→ **YOUR INSTRUCTIONS**: Find the line containing "Portrait of a Showgirl poster image" in the listing below. Repeat it exactly, along with each following line up to and including the one containing "2022 Ford F-250 Super Duty XL".

*** DATA FOR THE TASK ***

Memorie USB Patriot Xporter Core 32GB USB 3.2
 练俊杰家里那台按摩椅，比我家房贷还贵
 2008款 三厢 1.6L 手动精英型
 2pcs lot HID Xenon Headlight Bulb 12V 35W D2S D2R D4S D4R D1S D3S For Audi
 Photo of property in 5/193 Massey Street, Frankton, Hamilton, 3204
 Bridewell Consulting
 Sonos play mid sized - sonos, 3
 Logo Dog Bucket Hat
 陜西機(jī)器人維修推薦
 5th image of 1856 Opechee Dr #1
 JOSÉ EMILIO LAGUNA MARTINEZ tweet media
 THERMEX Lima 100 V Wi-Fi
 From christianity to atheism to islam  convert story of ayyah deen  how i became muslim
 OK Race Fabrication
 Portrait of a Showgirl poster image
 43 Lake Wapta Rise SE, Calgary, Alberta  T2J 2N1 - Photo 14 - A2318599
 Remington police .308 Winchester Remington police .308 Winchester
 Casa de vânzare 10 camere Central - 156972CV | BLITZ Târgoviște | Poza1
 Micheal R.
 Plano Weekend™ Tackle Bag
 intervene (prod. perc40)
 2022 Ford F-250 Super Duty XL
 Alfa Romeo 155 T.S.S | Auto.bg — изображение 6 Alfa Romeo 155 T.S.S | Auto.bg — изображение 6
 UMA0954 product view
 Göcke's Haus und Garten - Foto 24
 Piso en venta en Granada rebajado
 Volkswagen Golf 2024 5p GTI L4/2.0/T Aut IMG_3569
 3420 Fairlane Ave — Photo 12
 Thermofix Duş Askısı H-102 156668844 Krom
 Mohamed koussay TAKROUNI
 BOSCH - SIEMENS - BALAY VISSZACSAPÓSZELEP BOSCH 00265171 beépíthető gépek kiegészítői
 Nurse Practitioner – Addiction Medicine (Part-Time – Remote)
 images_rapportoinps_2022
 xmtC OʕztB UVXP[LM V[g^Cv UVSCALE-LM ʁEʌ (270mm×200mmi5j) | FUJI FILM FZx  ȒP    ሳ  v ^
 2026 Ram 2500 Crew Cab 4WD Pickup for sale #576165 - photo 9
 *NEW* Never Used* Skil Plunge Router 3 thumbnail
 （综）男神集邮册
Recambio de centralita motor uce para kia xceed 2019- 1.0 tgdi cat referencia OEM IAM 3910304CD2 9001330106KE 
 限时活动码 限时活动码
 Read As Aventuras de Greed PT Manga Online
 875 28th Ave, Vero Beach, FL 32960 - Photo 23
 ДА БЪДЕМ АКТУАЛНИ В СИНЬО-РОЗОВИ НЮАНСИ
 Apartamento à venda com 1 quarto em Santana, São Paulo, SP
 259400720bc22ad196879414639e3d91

***

→ **TASK RESPONSE**:
 Portrait of a Showgirl poster image
 43 Lake Wapta Rise SE, Calgary, Alberta  T2J 2N1 - Photo 14 - A2318599
 Remington police .308 Winchester Remington police .308 Winchester
 Casa de vânzare 10 camere Central - 156972CV | BLITZ Târgoviște | Poza1
 Micheal R.
 Plano Weekend™ Tackle Bag
 intervene (prod. perc40)
 2022 Ford F-250 Super Duty XL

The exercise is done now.